# Drop down ceiling help



## Xtremski77 (Feb 13, 2008)

Hello.
Im new to the site. I am doing a basement buildout for a customer. He wants me to install a drop ceiling. I have never done one before. There is no doubt i can do it im just not sure how long it would take. I know you guys dont like giving prices and im not asking for the "going rate". I just need help for install time. one room is 12x23 and the other is 10x22. Any help or suggestions would be greatly appreciated. Thanks


----------



## send_it_all (Apr 10, 2007)

National Estimator says:
$2.02 Sq. ft. for the grid
$1.49 Sq. Ft. for 2' x 4' textured tiles.

That is the national average before adding your mark up.
I have never bid t bar work, but I would probably charge about double that for labor and materials.
Comes out to about $1937 and change. I'm guessing that job would take a skilled guy with a helper about a day if the room is square.


----------



## send_it_all (Apr 10, 2007)

Just checked 2x4 tile price at Home Depot....2.50 s.f + tax. Pack of 10 tiles (80 s.f) = $32 + tax.


----------



## orson (Nov 23, 2007)

Why not sub it out? Drop ceilings are miserable to install IMO, but guys who do them all the time have lots of little tricks and methods to make them easier.

Would take a good ceiling guy no more than 2 days to do both rooms.


----------



## AtlanticWBConst (Mar 29, 2006)

Honestly....Please consider finding an "acoustic Ceiling" company in your area. You'd be surpised at the: Speed of installation, cost and rates... to sub it out.

We used to do our own, and still do certain installs, however, you can't beat the price and speed of the ceiling pros that do it for a living.

Yes...it is possible, to sub it out, and still make money off them.

...it's worth looking into.


----------



## Brock (Dec 16, 2007)

send_it_all said:


> Just checked 2x4 tile price at Home Depot....2.50 s.f + tax. Pack of 10 tiles (80 s.f) = $32 + tax.


OMG!!! that seems high. About triple the price last time I bought them. I'm glad I noticed this post because if I were to bid one now I would be way off. I think the last one we did was $2.00 per foot, and we paid less than a buck per ft. for all materials.


----------



## straycat74 (Mar 4, 2008)

I am usually just an observer.
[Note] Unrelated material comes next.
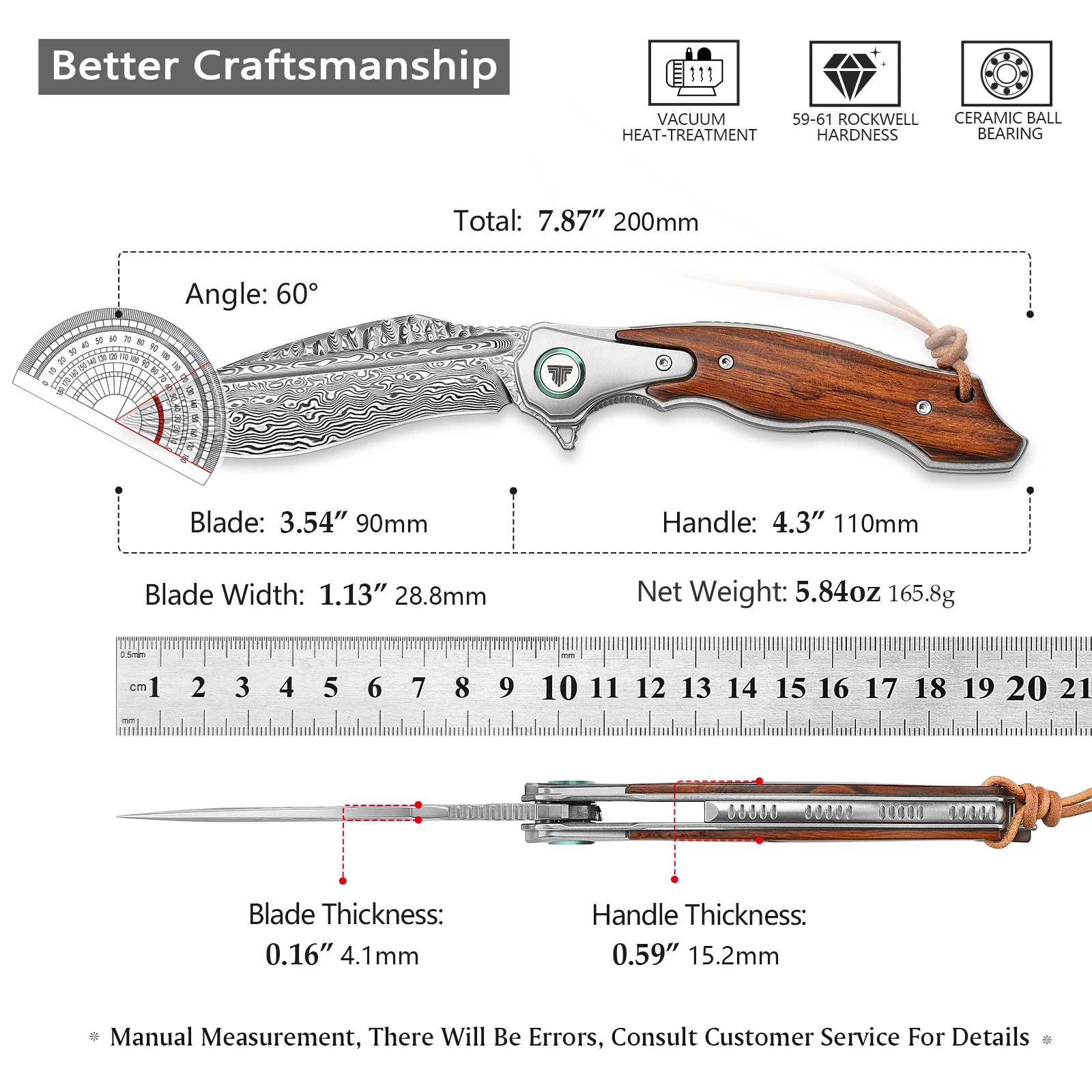 TRIVISA Folding Pocket Knife for Men, Flipper Damascus Knives，Handmade Ironwood Handle，Vegetable tanned leather，Gifts knife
Never did the introduction yet, so this is my first post. Anyway, don't go to home depot, find an acoustical supply company near you. Call and talk to a salesman, give the room dimensions and they should lay it out and get a material list together for you. You material can vary a lot just depending on the tile you pick out. 
As for the install, if the rooms are only 10' and 12' wide, the install should go fairly easy. Estimate the time you think it will take, and that will be the price. You shouldn't end up far off either way. And then you have a reference point for your next one.:thumbsup:


----------



## Brock (Dec 16, 2007)

i got a little nervous when i read the post so i called a guy in the yellow pages. he said he does a standard 2' x 4' ceiling for $1.70 per foot. This includes all labor and materials for a complete job. that was more in line for what we have paid in the past.


----------



## Jason Whipple (Dec 22, 2007)

I've done a ton of this work as a sub with a Commercial Interior Company years back. We used to get .25 per s.f. for grid and .10 for tile, .15 for tegular tile.(labor only) I hear the prices haven't change since the 80's. I wouldn't want to do it for that price with no experience either.

Most guys could do about 1000 s.f. of grid in a day. Even when it was cut up into offices.


----------



## Jason Whipple (Dec 22, 2007)

And by the way, They're called Suspended Ceilings or Acoustical Ceilings, a drop down ceiling is a suspended ceiling that got done wrong:laughing:


----------



## AtlanticWBConst (Mar 29, 2006)

.....Everyone around here calls them simply - "dropped ceilings".


----------



## beachremodlr (Jan 14, 2008)

two guys / day and a half tops / rent a laser level, we have walkboards, pretty easy stuff if you are mech. inclined. Don't sub it out unless you have other work backed up! MO


----------



## Heritage (Mar 20, 2007)

I just did about 2,000 sq/ft commercial.

It's easy, if you prepare...and a nightmare if you don't.

Get a good pair of snips otherwise you'll wear yourself out with the torgue, especially on the main tees.


Here, you can buy 2*4 regular Armstrong ceiling tiles for .49c/ft.
I installed "special order" Armstrong, raised panel 2*4 tiles at $2.29 sq/ft.

I charge around $3/sq/ft (labour and material) for the basic .49c/ft tiles and adjust accordingly. I'm not the cheapest around by any measure...but I still get the jobs all the time.

You should probably settle for a smaller cut and sub it out on your first go, the "in theory" part is simple, but we all know the feeling of when you hit a few snags and nobody is around to guide you through it. When you have no confidence, the job usually comes out like #$&*.


----------